On February 25 and 27, 2003, the inspectors met with the radiological engineer coordinating the ALARA planning for the upcoming refueling outage (3R12) at IP 3 to assess the status of the ALARA reviews being performed for the planned radiological outage work activities, including how the lessons learned from the ALARA review of the outage valve work for 2R15 at IP2 would be incorporated into the planning for IP3's upcoming outage.
On February 26, 2003, the inspectors met with several radiological engineers who were working on pre-job ALARA reviews for the primary-side and secondary-side steam generator work, the decontamination of the refueling cavity and fuel transfer canal, and the reactor vessel head inspection and discussed these planned work activities and their radiological controls.
The inspectors performed a selective examination of program documents (as listed in the List of Documents Reviewed section) for regulatory compliance and for adequacy of control of radiation exposure.
The review was against criteria contained in 10 CFR 20.1101 (Radiation protection programs), 10 CFR 20.1701 (Use of process or other engineering controls), and site procedures.
b. Findings
No findings of significance were identified.
2OS3 Radiation Monitoring Instrumentation
a. Inspection Scope
(71121.03)
The inspectors reviewed the program for health physics instrumentation to determine the accuracy and operability of the instrumentation.
During plant tours on February 27, 2003, the inspectors reviewed field instrumentation utilized by health physics technicians and plant workers to measure radioactivity and radiation levels including portable field survey instruments; hand-held contamination frisking instruments; continuous air monitors; and installed radiation monitors including whole body friskers, portal monitors, area monitors, and process monitors. The inspectors conducted a review of the instruments observed in the toured areas, specifically for verification of current calibrations, appropriate source checks, and proper function.
The inspectors performed a selective examination of documents (as listed in the List of Documents Reviewed section) for regulatory compliance and adequacy.
The review was against criteria contained in 10 CFR 20.1501, 10 CFR 20 Subpart H, site Technical Specifications, and site procedures.
b. Findings
No findings of significance were identified.

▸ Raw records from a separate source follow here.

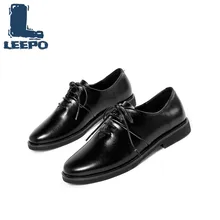 Женские туфли-оксфорды; туфли из натуральной кожи на плоской подошве; Женские однотонные удобные туфли на шнуровке с круглым носком белого цвета; сезон весна-осень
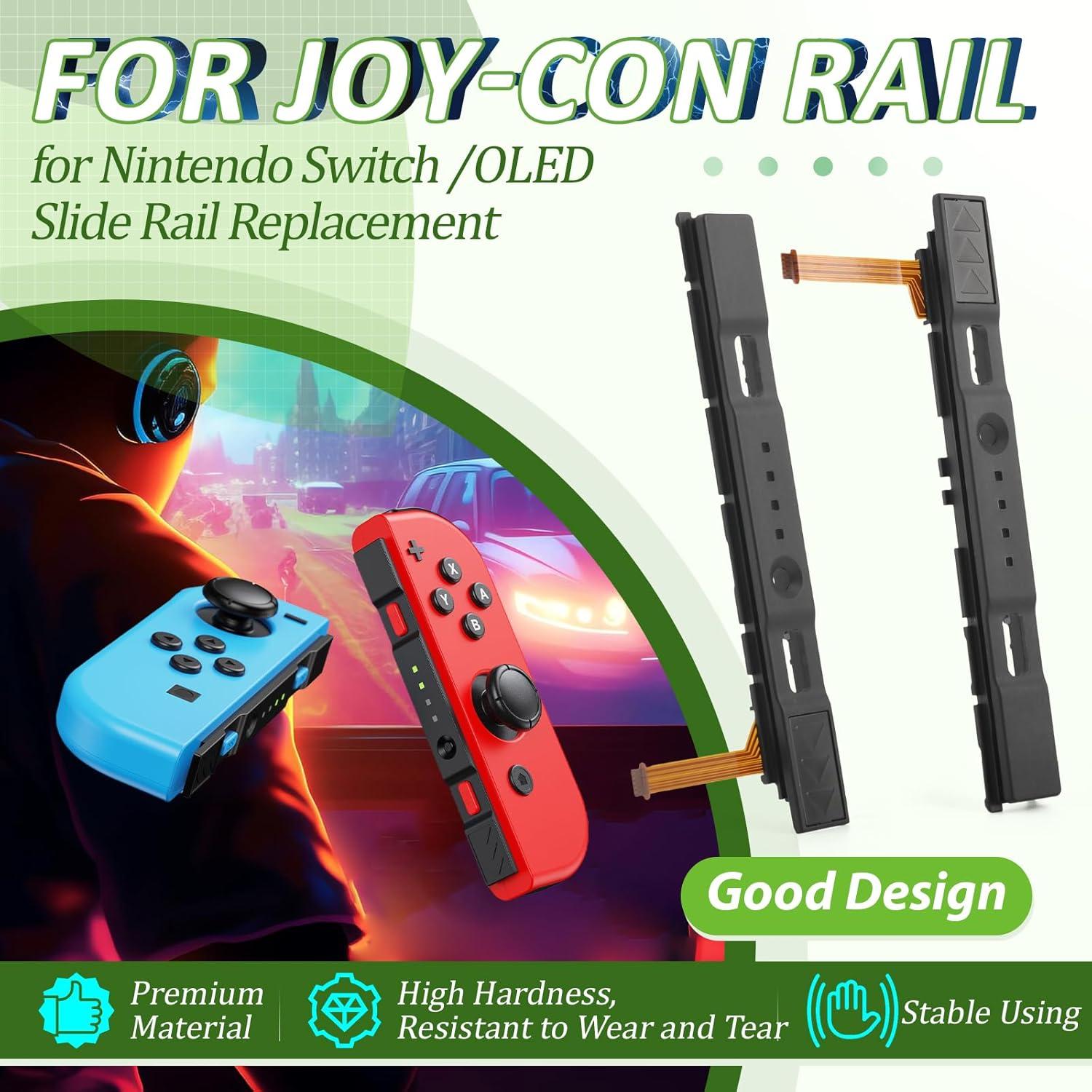 Raíl Deslizante Joy-Con Nintendo Switch Reemplazo SL SR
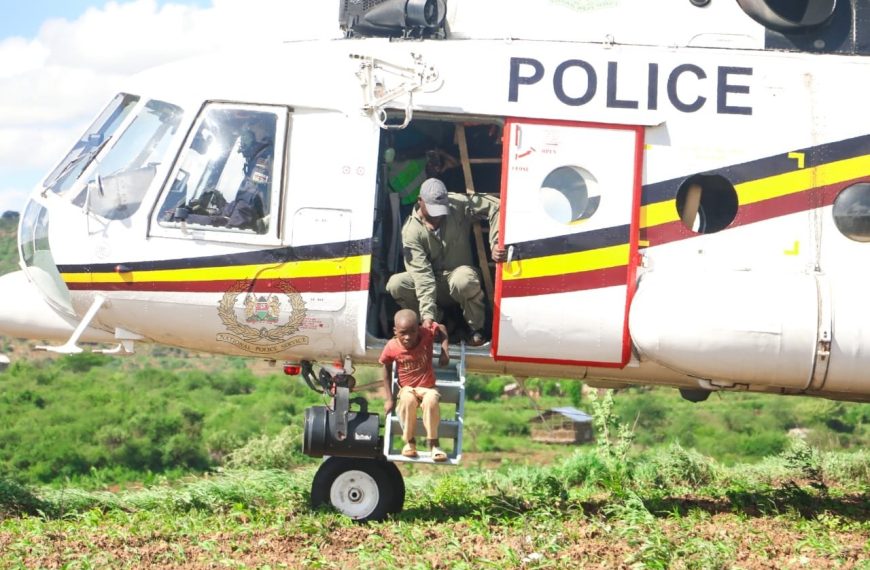 NPS Airwing officers rescue five-year-old boy from floodwaters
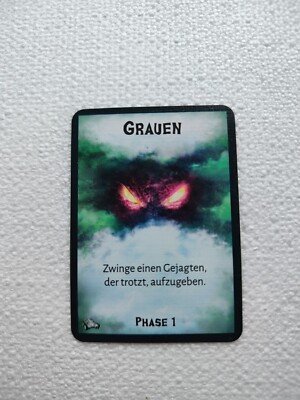 Not Alone Grauen Promo Karte Neu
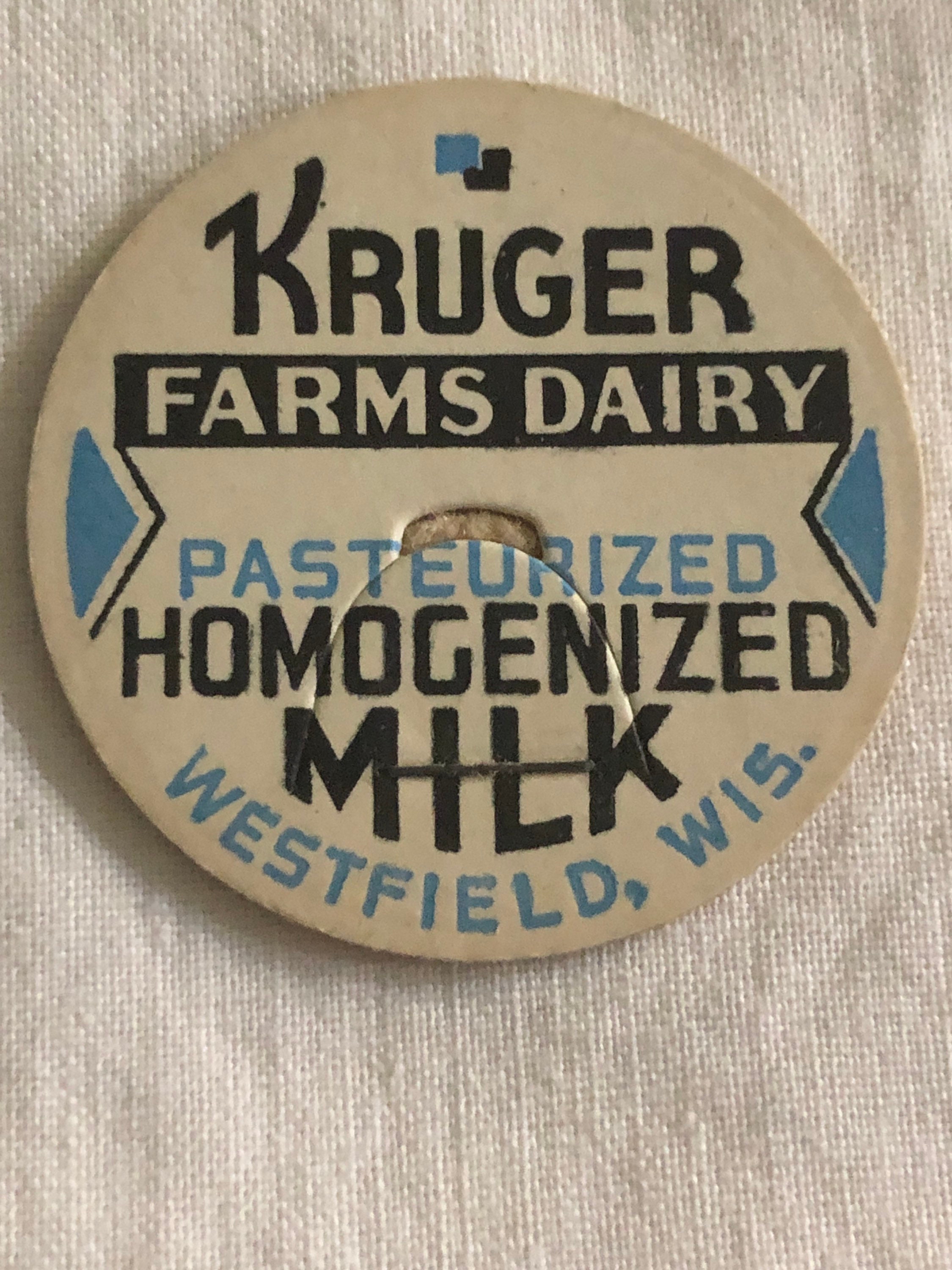 3 Kruger Farms Dairy Vintage Milk Bottle Caps - Etsy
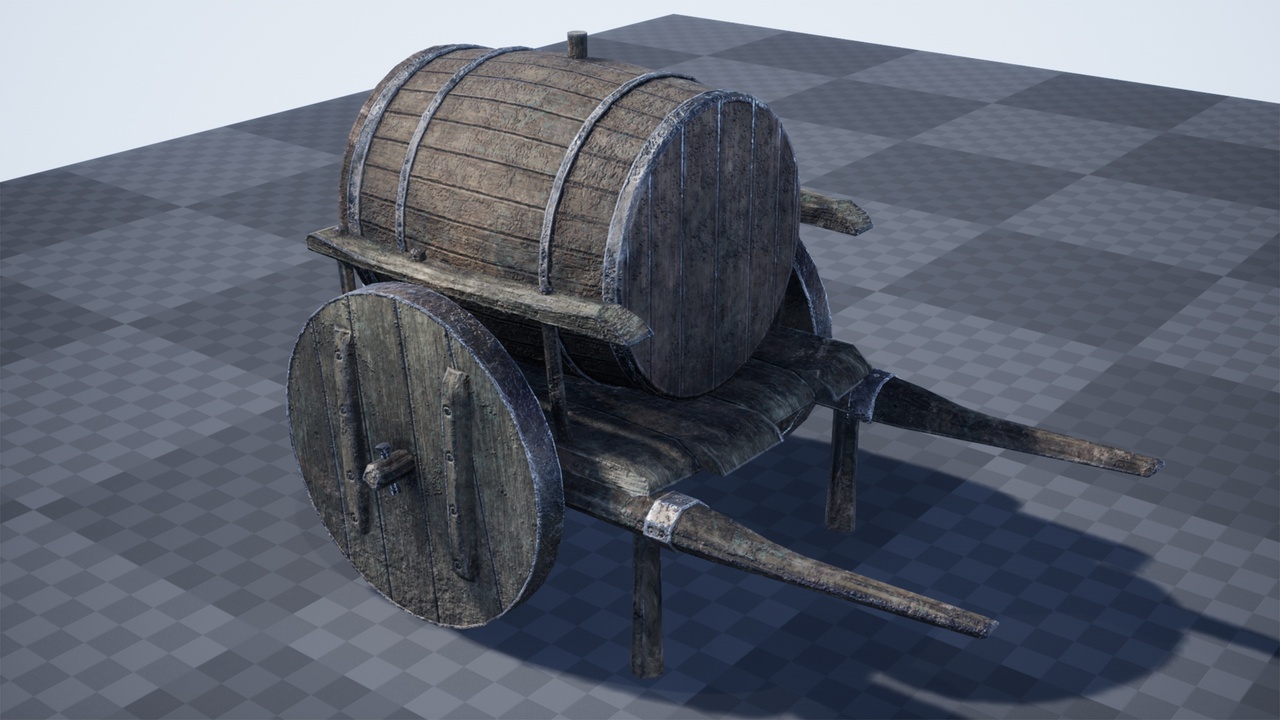 Media 1 for listing Medieval Carts and Wagons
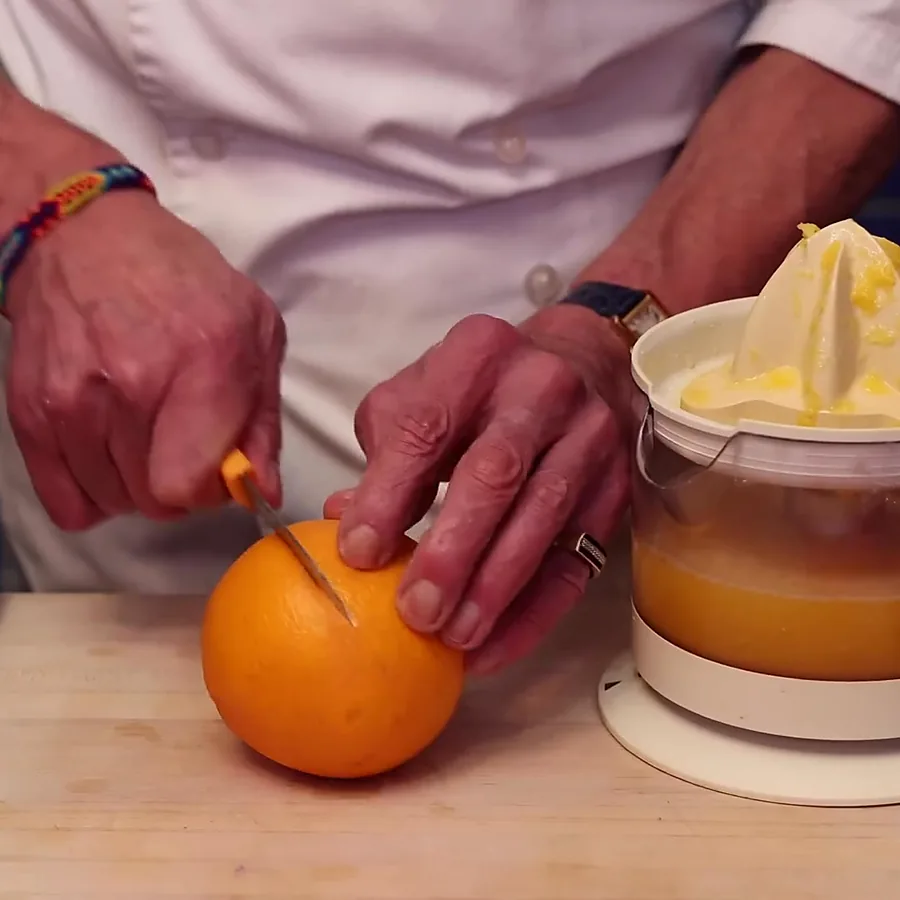 poulet orange croustillant facile sauce orange fraiche, étape 2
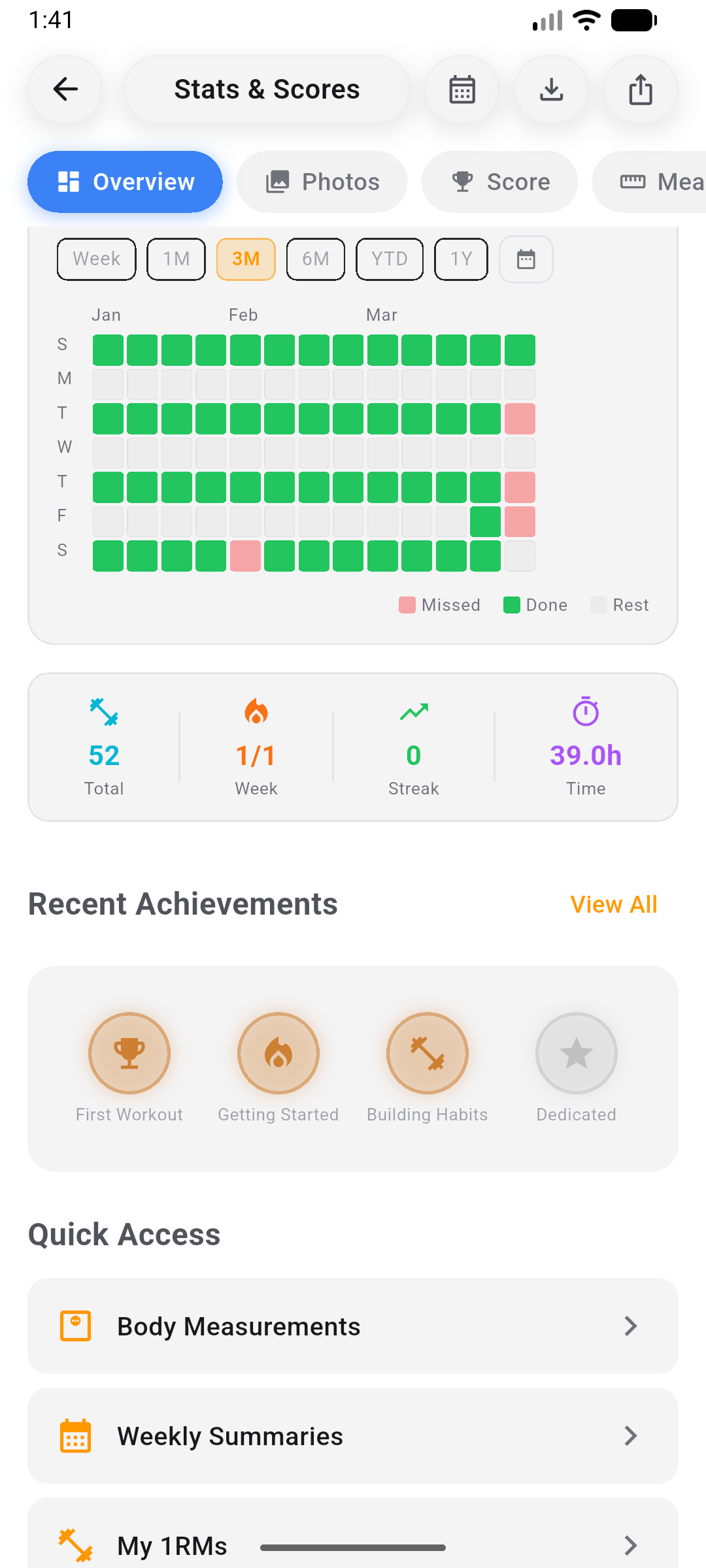 Zealova AI fitness coach workout screen on Android phone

2PS1 Gaseous and Liquid Effluents
a. Inspection Scope
(71122.01)
The inspectors reviewed the following documents to evaluate the effectiveness of the licensees radioactive gaseous and liquid effluent control programs. The requirements for radioactive effluent controls are specified in the Technical Specifications and the Offsite Dose Calculation Manual (TS/ODCM):
- The 2001 Radiological Annual Effluent Release Report including projected public dose assessments;
- The current ODCM (Revision 15, December 14, 2001), including technical justifications;
- Selected 2002 analytical results for charcoal cartridge, particulate filter, and noble gas samples;
- Implementation of the compensatory sampling and analysis program when the effluent radiation monitoring system (RMS) was out of service;
- Implementation of IE Bulletin 80-10;
- Selected 2002 radioactive liquid and gaseous release permits; associated effluent control procedures, including analytical laboratory procedures;
- Calibration results for chemistry laboratory measurement equipment (gamma and liquid scintillation counters);
- Implementation of the measurement laboratory quality control program, including effluent intra-laboratory and inter-laboratory comparisons and control charts;
- The 2002 NQA Audits (Audit No. A02-141, from October 13, 2002 to December 9, 2002) of implementation of the radioactive liquid and gaseous effluent control program and the ODCM;
- Radiation Monitoring System (RMS) Trending Evaluation for Availability and Reliability;
- Most recent calibration results for the RMS and Flow Measurement Devices, as required under the ODCM:
Liquid Radwaste Effluent Line (R-18 and R-61);
Steam Generator Blowdown Effluent Line (R-19);
Service Water System Effluent Line (R-16A/B and R-23);
Waste Gas Holdup System Noble Gas Activity Monitor (R-20);
Condenser Air Ejector Noble Gas Activity Monitor (R-15);
Environmental Release Points Noble Gas Activity Monitors (R-27, R-46 and R-59);
Containment Noble Gas Activity Monitor (R-12);
Liquid Radwaste Effluent Line Flow Rate Measurement Device; Steam Generator Blowdown Effluent Line Flow Rate Measurement Device; and Plant Vent Flow Rate Measurement Device.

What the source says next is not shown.